Group Abstract Group Abstract

Message Boards Message Boards

6
|
25.1K Views
|
14 Replies
|
28 Total Likes
View groups...
Share
Share this post:

[?] What is the intended purpose of ByteArray & how can we use/convert it?

Posted 9 years ago

I was wondering what the intended purpose of the ByteArray type was. The cryptography functionality seems to be using it. And in version 11.1 we have BinarySerialize, which people are also a bit confused about (including myself, so consider that function included in this question as well).

The most straightforward guess about BinaryArray is that it is a space-efficient and consistent way to store binary data.
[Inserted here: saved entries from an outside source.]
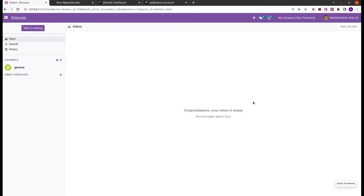Hi all, welcome back to Odoo 15 development tutorials. In this video we are discussing about how to configure and use GitHub from PyCharm. PyCharm lets you manage Git projects hosted on your GitHub account and also helps to clone the repository, share the projects, commit the code, push and pull respectively.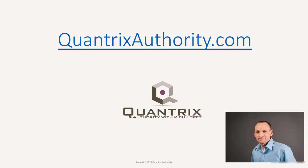I love Quantrix and I want to make you a Quantrix master. Go to QuantrixAuthority.com to learn more.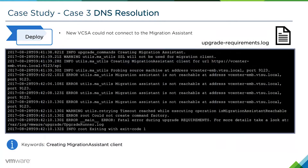Taking a look at the upgrade requirements.log on the vCenter server appliance, we can see messages that the migration assistant is not reachable at the particular address. This could happen for a couple of different reasons — for example if port 9123 was blocked — but in this particular example it's because of DNS resolution.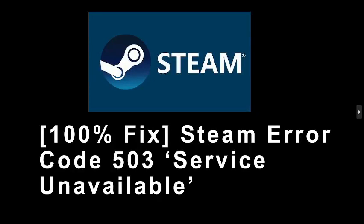Are you getting Steam error code 503 service not available? If yes, then watch this video till the end because I am going to give you the best fix.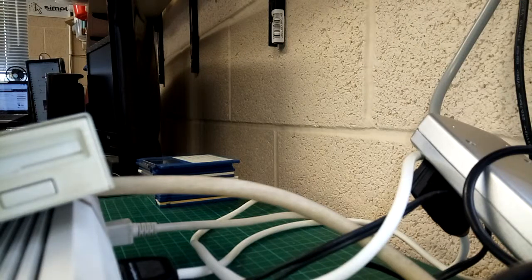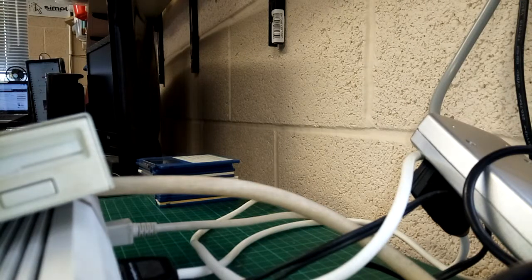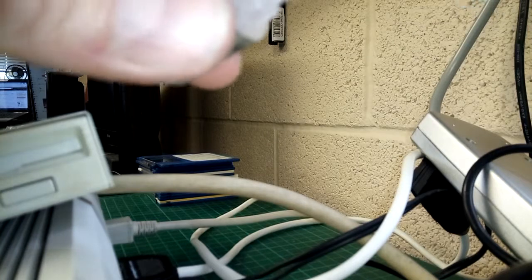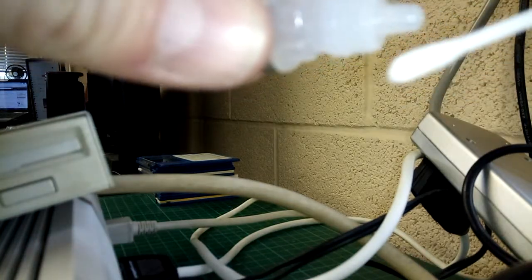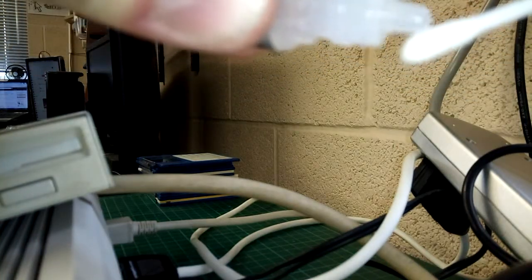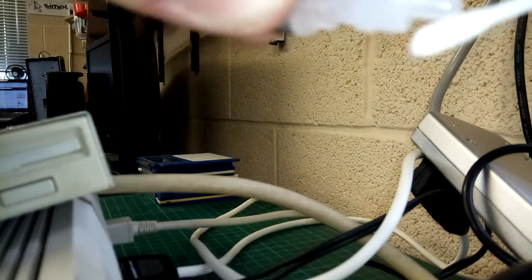Okay, so we're going to clean an Amiga internal floppy drive without removing the drive, and we do this by putting a little bit of cleaning fluid on here. Not too much.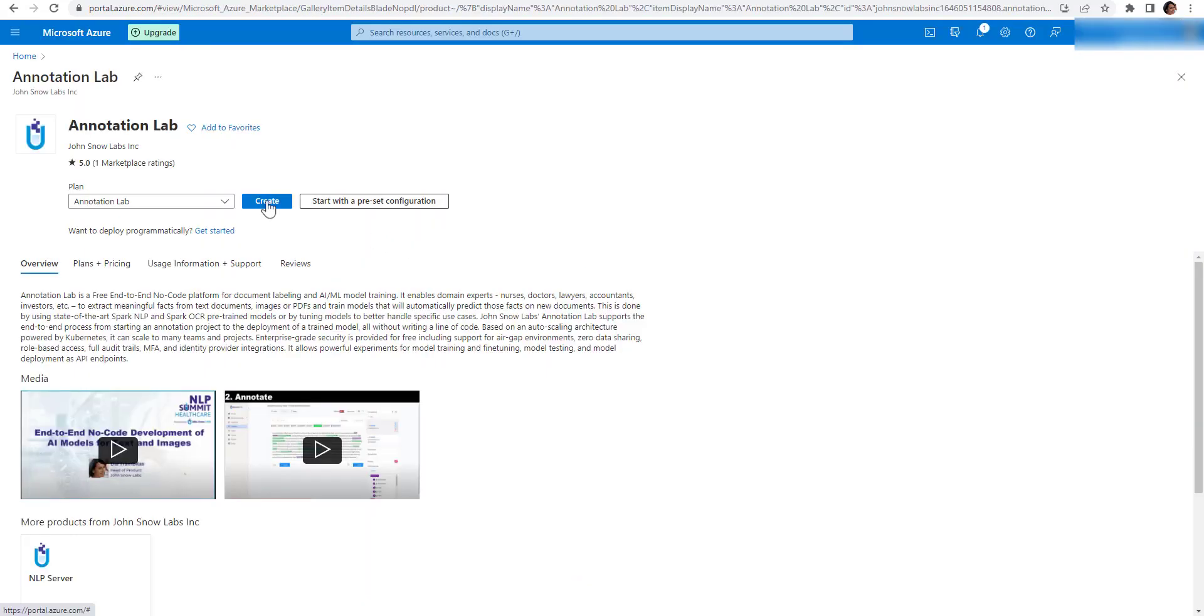On the deployment page, you can see more information about the tool, some video tutorials, usage information and support links. For installing, you can start with the preset configuration or deploy the application programmatically. The easiest way is to use the Azure Wizard and click on the Create button.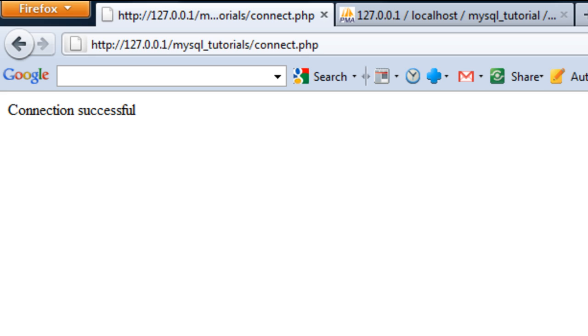So that's how to connect to a database. In the next tutorial, I'll show you how to add data to the database using an SQL script within PHP. Join us next time for that.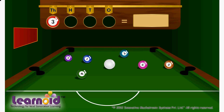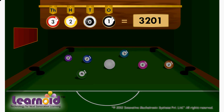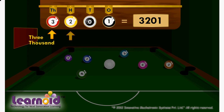3, 2, 0, 1. We will read this as 3,200 and 1.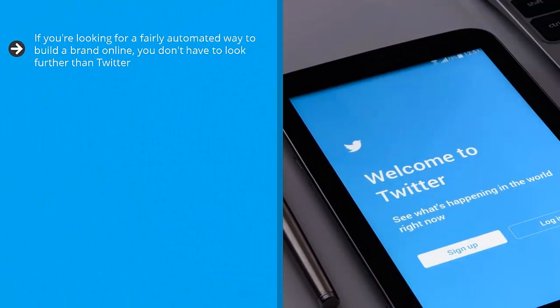If you're looking for a fairly automated way to build a brand online, you don't have to look further than Twitter.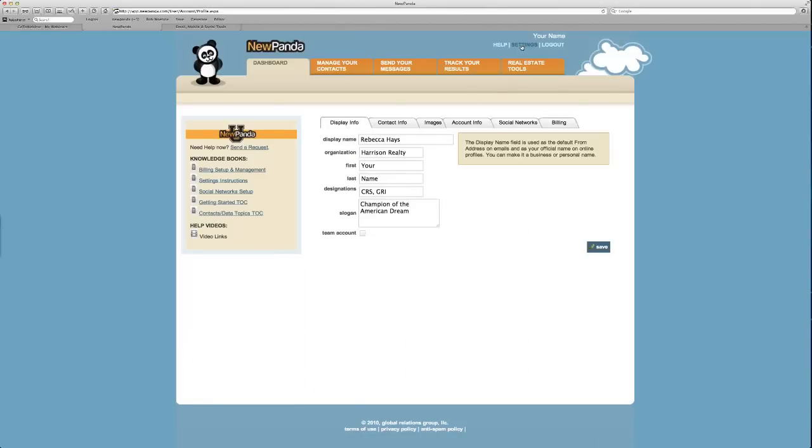So that's everything about the settings that I wanted to tell you. And that's a great way to get started in setting up your account.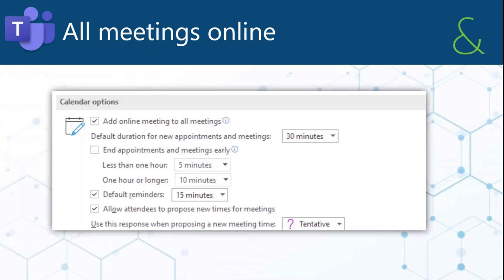All meetings online. What this means is in Outlook, there's a setting that you can check, and it will add a Teams meeting to all of your meetings.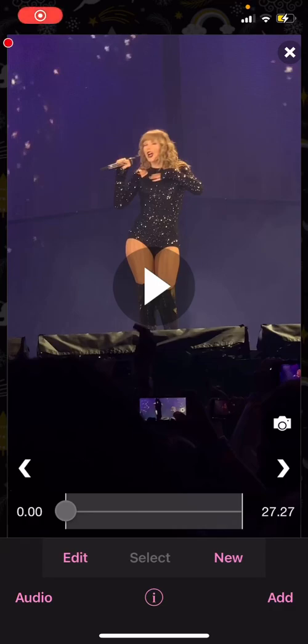Hey guys, and welcome back to this channel. In this video, I will be showing you guys how you can add text to your videos on the VideoStar app.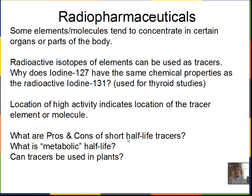Would we want to use a short half-life tracer? Possibly. Activity equals the decay constant lambda times the number of nuclei present. If the half-life is short, lambda will be large, and we can get high activity with a small amount of material — that's a pro. But if the half-life is too short, a lot of the activity will decay before the biological metabolism concentrates the isotope in the part of the body we're interested in.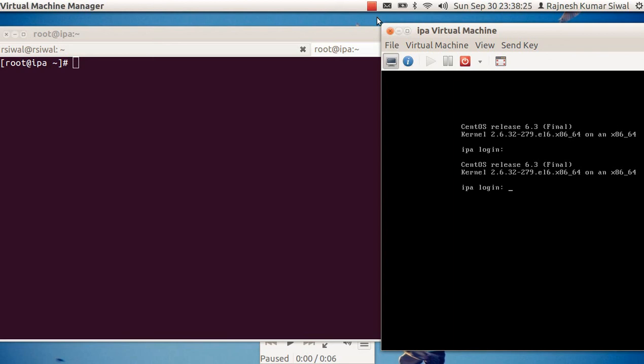Hello friends, welcome back. The objective of today's session is to lock out a user account that has multiple failed login attempts for an SSH session.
We could use a list of integers, but that is not space efficient (each takes at least 8 bytes) and the 0..255 range is not enforced.

If such a space efficient data type is to be useful, it should be possible to convert/transfer it without the overhead of an inefficient integer-list intermediate representation.

How can we convert/transfer ByteArray to/from:

  • Files. Is there a function like BinaryReadList to handle it?

  • LibraryLink. Can I transfer a byte array efficiently to C? Can I convert it to a byte-type RawArray (which is already supported by LibraryLink)?

  • Strings. String are sometimes used to represent the contents of files, or binary data, in a byte-perfect way. We have ImportSting/ExportString for this reason. Strings are not as good for this purpose as a real byte array because each character takes 2 bytes (and hopefully this will change in the future to allow for things beyond the basic multilingual plane in Unicode)

  • Base64 encoded data in strings. This is how ByteArrays show up in InputForm, though the documentation suggests that they are stored more efficient internally. Such a string can be converted to a ByteArray using Developer`DecodeBase64ToByteArray. What about the reverse conversion?

It would also be nice to have an equivalent of StringToStream for ByteArrays.

If some of the above are not possible, please consider them a feature request. Regarding reading/writing from/to files, a lightweight function would be preferred (as opposed to the heavyweight, high overhead Import/Export which cannot even be used during initialization, i.e. in init.m)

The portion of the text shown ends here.